DoseResponseCurve is for when you need the full price-outcome relationship, not just the slope at the current premium level. Use it when you are evaluating a proposed rate change that moves premiums significantly from current levels — for example, repricing a motor sub-book from a mean of £450 to a mean of £600. The dose-response curve tells you what to expect at £600 given causal identification, not just a regression extrapolation.
PolicyShiftEffect is for portfolio-level projections. It is faster than computing the full dose-response curve and directly answers the commercial question: if we apply a 7% rate increase, what is the projected impact on claims frequency? The delta sweep gives you a curve that feeds directly into the optimisation layer.
SelectionCorrectedElasticity should replace PremiumElasticity when you have renewal portfolios with observable selection (i.e. you observe whether policies lapse). For new business conversion, where the selection process is the same as the treatment process, the standard AME is appropriate.
Library details
insurance-causal has 199 tests across all estimators, nuisance backends, and inference modes. Dependencies: numpy, pandas, scikit-learn. Optional: catboost for nuisance_backend="catboost", matplotlib for drc.plot().
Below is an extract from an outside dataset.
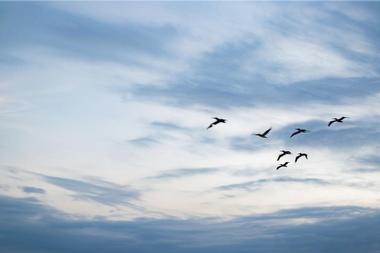 Enjoy panoramic views at Fernandina Plaza Historic State Park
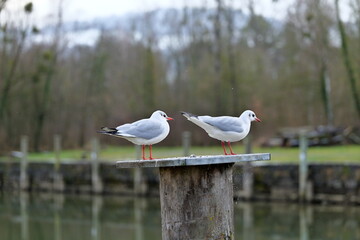 Two seagulls standing on a bollard in winter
pip install insurance-causal
# With CatBoost nuisance backend:
pip install "insurance-causal[catboost]"
# With plotting:
pip install "insurance-causal[plots]"
Source and tests: github.com/burning-cost/insurance-causal.
The academic groundwork is Hirshberg & Wager (2021), Double Robustness of Local Average Treatment Effects in the Frequentist and Bayesian Settings, Annals of Statistics; the ForestRiesz construction and the missing-outcome extension are from arXiv:2601.08643; the dose-response curve implementation follows Colangelo & Lee, Journal of Business & Economic Statistics (2025), arXiv:2004.03036.